The new medical drug used SNA for those who want to stop smoking is tested. The adverse reaction of nausea has been studying and clinical trials in the table summarizes results. Find the test statistic needed to test the claim that nausea is independent of whether the subject took up placebo or the new drug. Nausea placebo new medical drug 10, 145 no nausea placebo new medical, drug 795, 122

To test the claim that nausea is independent of whether the subject took the placebo or the new drug, we need to calculate the test statistic for independence, which is the Chi-square statistic.

First, we need to set up a contingency table with the given data:

Nausea No Nausea
Placebo 10 145
New Drug 795 122

Next, we need to calculate the expected values for each cell in the contingency table under the assumption that nausea is independent of whether the subject took the placebo or the new drug. To do this, we calculate the row and column totals, and then use these totals to calculate the expected values:

Row totals:
Placebo: 10 + 145 = 155
New Drug: 795 + 122 = 917

Column totals:
Nausea: 10 + 795 = 805
No Nausea: 145 + 122 = 267

Expected values:
For cell (1,1):
Expected = (Row Total for Placebo) * (Column Total for Nausea) / (Total number of observations)
= 155 * 805 / 1082
= 115.38

For cell (1,2):
Expected = (Row Total for Placebo) * (Column Total for No Nausea) / (Total number of observations)
= 155 * 267 / 1082
= 38.62

Similarly, you can calculate the expected values for cells (2,1) and (2,2).

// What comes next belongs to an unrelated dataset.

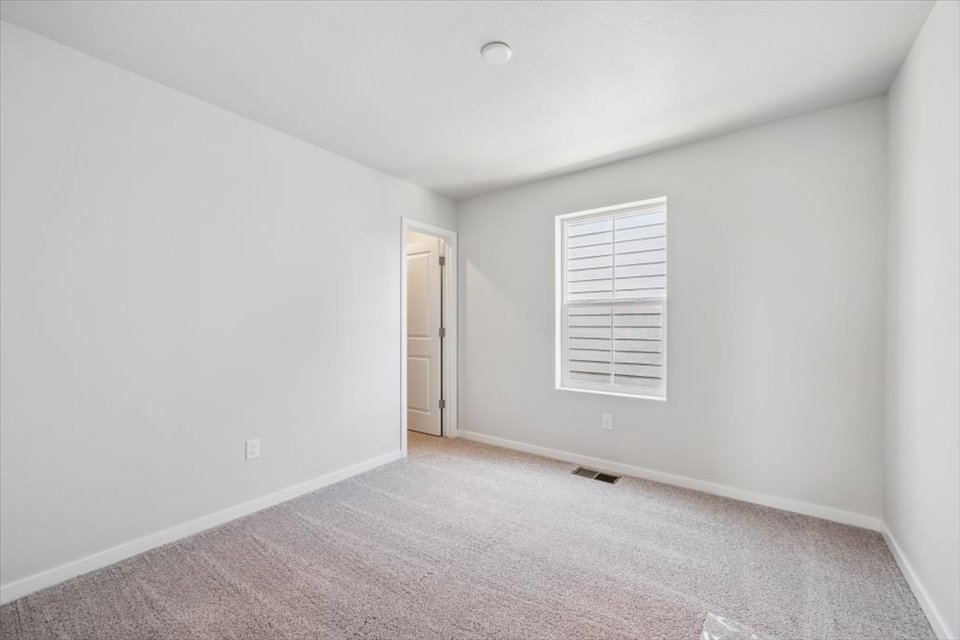 A room with a door and a window.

Once you have the expected values, you can calculate the Chi-square statistic using the formula:

Chi-square = ∑[(Observed - Expected)^2 / Expected]

Finally, compare the calculated Chi-square statistic to the critical value from the Chi-square distribution with (number of rows - 1) * (number of columns - 1) degrees of freedom to determine if there is a significant relationship between nausea and the type of drug taken. If the calculated Chi-square statistic is greater than the critical value, then we reject the null hypothesis of independence.